Despite protests from Japanese Americans, the Glendale City Council has approved a memorial to comfort women at Glendale Central Park, reports the Press-Telegram.
Koreans have long contended that 200,000 women of Korean, Chinese, Taiwanese, Filipina and Dutch descent were forced into sexual slavery by the Japanese military during World War II. But Japan has long countered the women were prostitutes.
“We’re taking a meaningful step to show our moral support, sense of camaraderie, and our sharing of the pain that our Korean American brothers and sisters feel about this issue,” Council Member Zareh Sinanyan said.

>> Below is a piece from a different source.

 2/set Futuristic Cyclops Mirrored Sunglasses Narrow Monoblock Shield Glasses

“I don’t see this as designed to be a monument to shame Japan,” Laura Friedman added. “What happened to those girls was a tragedy, and that’s what this monument is about.”

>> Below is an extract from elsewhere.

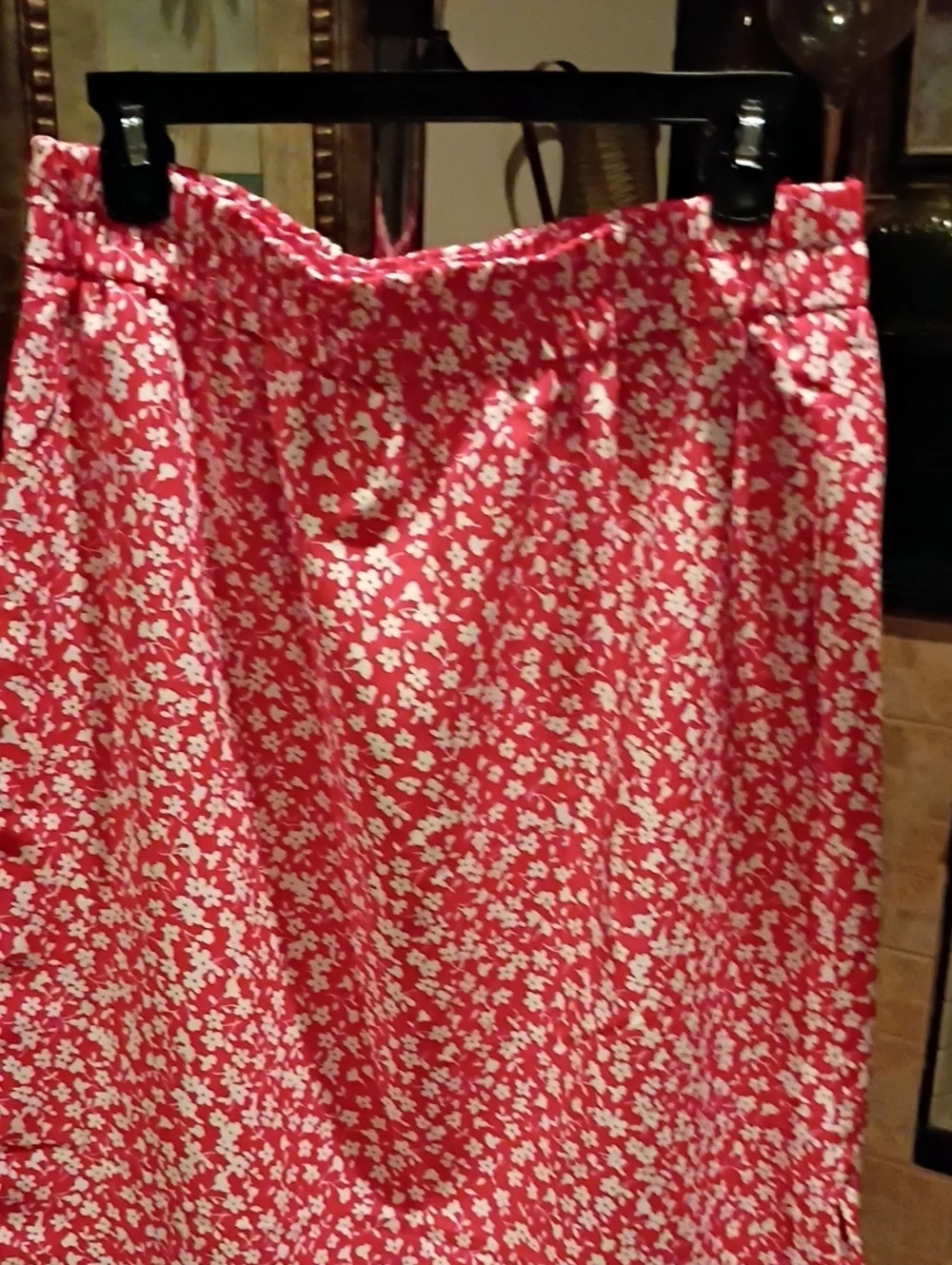 J. Crew Red Skirt with White Floral Print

About a dozen Japanese Americans spoke out against the monument.
“Comfort ladies were nothing more than prostitutes,” Yoshi Miyake said. He warned the monument would “bring out hate crimes and conflict.”
Many expressed surprise that so many Japanese Americans came out to oppose the monument.
Alex Woo, president of the Korea Glendale Sister City Assn., said he never expected so much opposition from local Japanese-Americans to the monument.
“This was not meant to humiliate or to shame them. It was not to do any of that. It’s about us learning from this experience so it doesn’t happen again,” Alex Woo, president of the Korea Glendale Sister City Assn., said to the Glendale News Press.